Hearing these names—and looking around the joint—I notice something very apparent. The list has enough Native Hawaiian blood to qualify for homestead land. I ask Kanekoa about this detail. 

Frequent boat tour traffic from the nearby marina is a legitimate hazard—one culminating in the tragic death of local bodysurfer Paul Stone in 1984 when P/V Pearl Kai was pushed by large waves into the lineup. Photo by Tony Heff.
Once situated next door to the United Fishing Agency auction block (since relocated), the lineup at Point Panic was often patrolled by determined sharks on the trail of blood and discarded fish heads. Photo by Tyler Rock.

“Honestly, maybe Native Hawaiians just have a deeper connection to the ocean, and Panics is a type of pu’uhonua, or place of refuge,” he says. “Like, it’s a place where you don’t even need waves, right? You just pull up, walk up the coast, talk story with someone you know. But bodysurfing—I think it’s a spiritual thing for Hawaiians. I mean, it’s not just at Panics. There are little communities of Hawaiian bodysurfers all over the island, from Hau’ula to Waimanalo to Yokohama Bay. We’re ocean lovers. Maybe Hawaiians come here and meet other Hawaiians who love the ocean just like them, so you got a friend who’s ethnically and culturally similar to you with the same hobby. Of course you gonna make friends. That’s just a win-win situation.”

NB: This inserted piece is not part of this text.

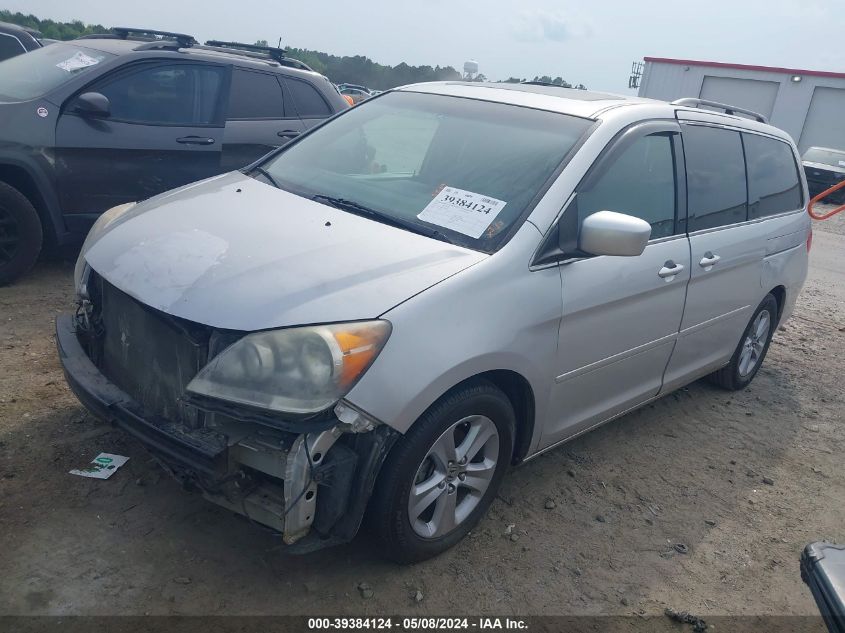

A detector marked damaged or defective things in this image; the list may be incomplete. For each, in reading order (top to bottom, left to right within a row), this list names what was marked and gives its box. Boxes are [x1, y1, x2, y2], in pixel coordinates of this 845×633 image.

front end damage [56, 274, 398, 552]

Between weeding and pulling lead fishing weights out of the rocks, I’m introduced to a handful of other Panic regulars, and I learn another thing about home breaks: part of belonging to one is wholeheartedly believing that your break is the best break in the world. Just as being in love with someone means a part of you feels that she or he could never harm you. You love them too much to believe the truth. A shared delusion.

“To me…” says Sean Enoka, leaning back, searching for the right words and taking a look out at the ocean, “Panics is the best bodysurfing wave in the world—hands down. I think it’s the setup or the layout. The way it wraps in on itself just makes it perfect to fit high and tight in the barrel.”

He contorts his body, pantomiming the moment that he’s describing and suddenly I’m with him in the lineup. “I dunno any place else that lets you out of the tube bodysurfing like Panics,” he continues. “It’s a Hawaiian-style of riding, a dance with the wave. The first time I came here, I seen BK Holt pull off one belly-spin right in front of me. Then Johnny Hernandez was right behind him and rode the thing on his back in the barrel. I was like, ‘Is that what’s really going on over here?’ But if you going ask me what this place means to me: I live and breathe Point Panic,” he says firmly. “I’m just really passionate about bodysurfing and this break. Like, it gets in the way of work and stuff.” He laughs and smiles defiantly.

“Panics is just a super fun wave,” said Mark Cunningham. “If I could compare the wave with anywhere else, it’d be like V-Land. But you look toward Kewalos, then Big Rights, there’re so many breaks down the coast, and it’s nice that we have one spot that’s board-free.” Photo by Keoki Saguibo.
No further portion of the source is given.